OCR technology has been one of the main fintech trends for years. According to ICC Global Survey 2020, 28% of banks, including global giants such as HSBC and Standard Chartered, are using OCR for data extraction and creating searchable documents.
The most common types of documents that banks often have to deal with, such as identity documents, contracts, receipts, financial statements, have a large volume of paper documents that need to be digitized. Banks use OCR to scan these documents, and then analysts and employees in relevant departments can access and look up information easily.
Human Pose Estimation
Human Pose Estimation refers to the task of predicting the poses of body parts such as joints in images or videos. In Computer Vision lingo, pose means an object’s position and orientation relative to some coordinate frame. Understanding human pose allows computers to have a more comprehensive understanding of human motion. This allows for applications in the areas of computer-guided personal fitness, physical therapy, entertainment and robotics.
Pose estimation occurs in two distinct phases.
- An input RGB image is fed through a convolutional neural network architecture. The neural network outputs a set of heatmaps, each of which correspond to a key body part.

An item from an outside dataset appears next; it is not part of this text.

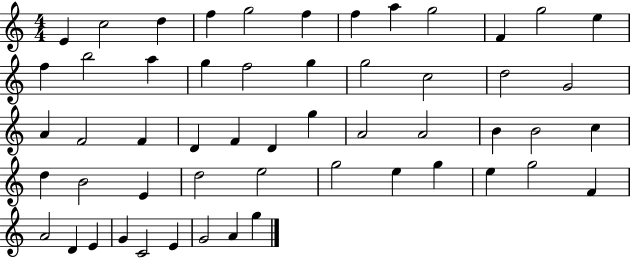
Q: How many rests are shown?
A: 0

- A special multi-pose decoding algorithm is used to detect poses and pose confidence scores.
By far the most popular pose estimation library is Google’s PoseNet. PoseNet is a machine learning model for real-time pose estimation in the browser. PoseNet can be used to estimate either a single pose or multiple poses.
Human Pose estimation was once a big challenge as it requires monumental computational and hardware technology support. However, today we have cloud services to support such requirements. There are various types of cloud computing (Private, Public, Hybrid etc.) with the flexibility, scalability and the computational power that the cloud can provide.

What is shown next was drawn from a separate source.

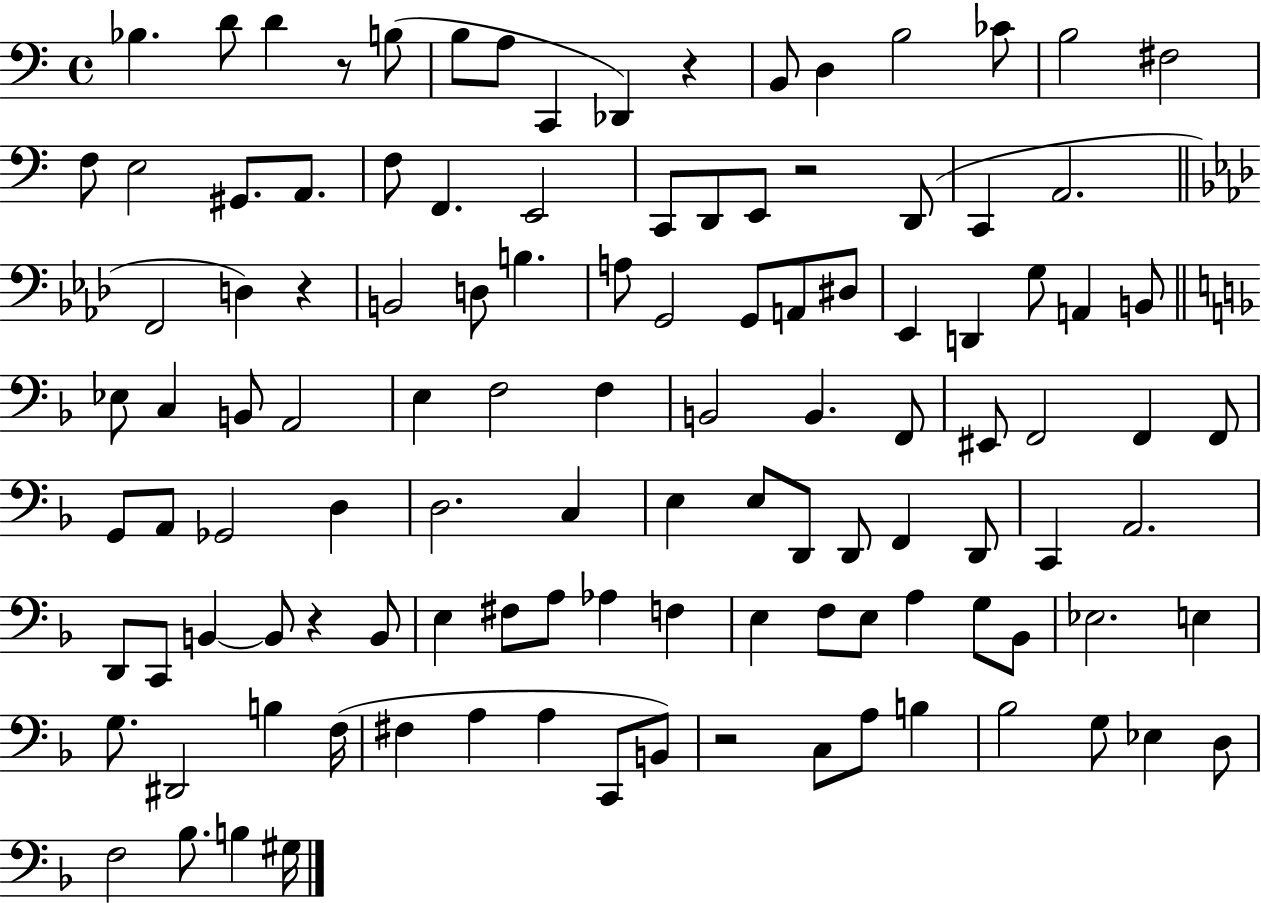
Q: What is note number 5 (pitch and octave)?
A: B3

Numerous startups are exploring the idea of using pose estimation algorithms to develop personal fitness apps. These apps can guide the users on how to perform certain exercises, thereby minimizing the risk of injury as well as the cost of having a one-on-one personal fitness trainer.
Another application of pose-estimation is in the advancing industry of self-driving cars. Using their understanding of a pedestrian’s pose, autonomous cars can decide whether or not to apply brakes to prevent an accident.
Human pose estimation is also one of the metaverse technologies. Using human pose estimation technology, users can synchronize their motion to a chosen avatar and dive into the digital world.
In this article, we have seen the state-of-the-art of Computer Vision as well as some of its applications in various industries. But the field is still in its nascency and as better algorithms are developed and breakthroughs continue to be made, the applications are likely to explode. Using ever-cheaper hardware, powerful vision algorithms will continue to deeply impact our lives. However, remember that before computer vision becomes mainstream, you have a chance to use this technology as a competitive advantage and stay ahead of the game.